DEBATE PÚBlICO
O economista alerta que o populismo no Congresso e a superficialidade das redes sociais destroem a capacidade de debate e impedem o avanço do país
A economia brasileira sofre de um mal pior que os juros altos: a falência do raciocínio lógico. Em entrevista ao MyNews, o economista Fabio Giambiagi criticou duramente a superficialidade que domina o país. Ele afirma que a “ignorância eloquente” tomou conta tanto das redes sociais quanto do Congresso Nacional. Atualmente, o barulho do TikTok substitui o estudo profundo. Além disso, as pessoas preferem contestar décadas de conhecimento técnico com vídeos de 20 segundos em vez de analisarem os fatos com rigor.

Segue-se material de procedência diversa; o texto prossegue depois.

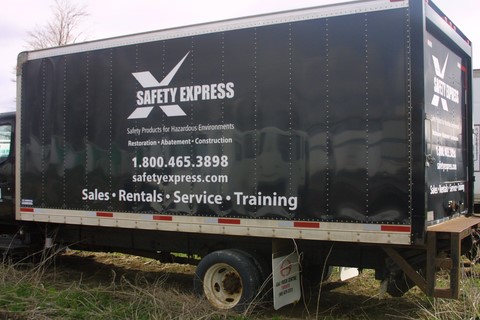 If you're in the market for a used dry freight truck body for your delivery truck our used Commercial Babcock dry freight truck bodies are just what you need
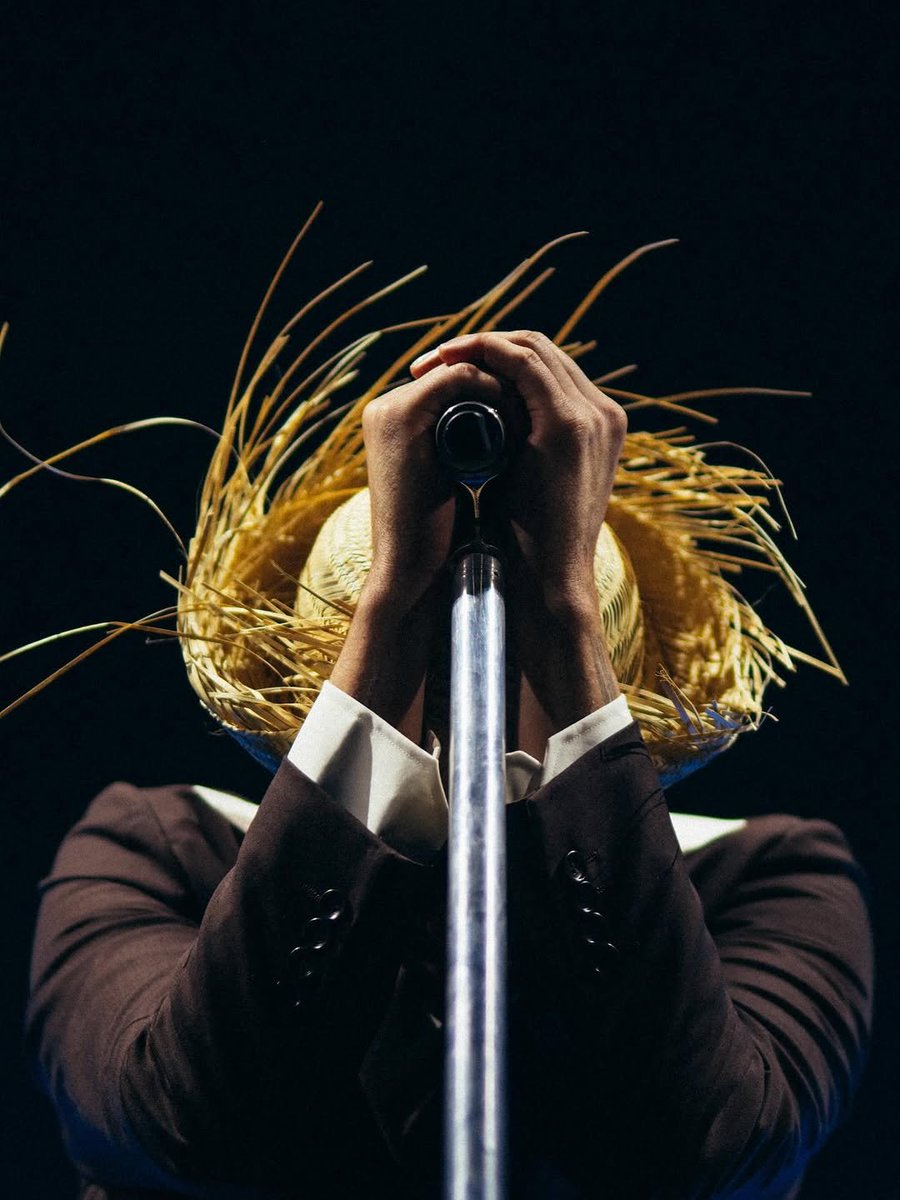 Access Bad Bunny tweet media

Por esse motivo, Giambiagi utiliza seu novo livro para resgatar o pensamento crítico. Ele argumenta que a falta de base econômica transforma o cidadão em uma presa fácil para o populismo. No Congresso, o cenário é ainda mais dramático. Os parlamentares abandonaram o argumento técnico e agora apenas trocam rótulos vazios. Nesse sentido, a política ignora princípios básicos, como a lógica de que o juro representa apenas o “aluguel” do dinheiro.
Contudo, a tecnologia agrava esse quadro de “preguiça cognitiva”. Giambiagi alerta que a Inteligência Artificial, embora útil, vicia o cérebro. As pessoas estão parando de raciocinar por conta própria. Consequentemente, o “copia e cola” substitui a elaboração de ideias próprias no jornalismo e na política. Essa dinâmica cria uma sociedade que consome informação rápida, mas que não consegue digerir a complexidade dos problemas do Brasil.
A mensagem de Giambiagi é direta: a economia serve para evitar que os outros nos enganem. Ele defende que o cidadão precisa entender os desdobramentos lógicos de cada decisão para não cair em soluções mágicas. Afinal, sem o esforço da reflexão, as tradicionais “horas bunda de cadeira”, o país continuará refém de quem prefere o aplauso fácil. Enquanto a ignorância ditar o ritmo do debate, a verdade dos fatos continuará em segundo plano.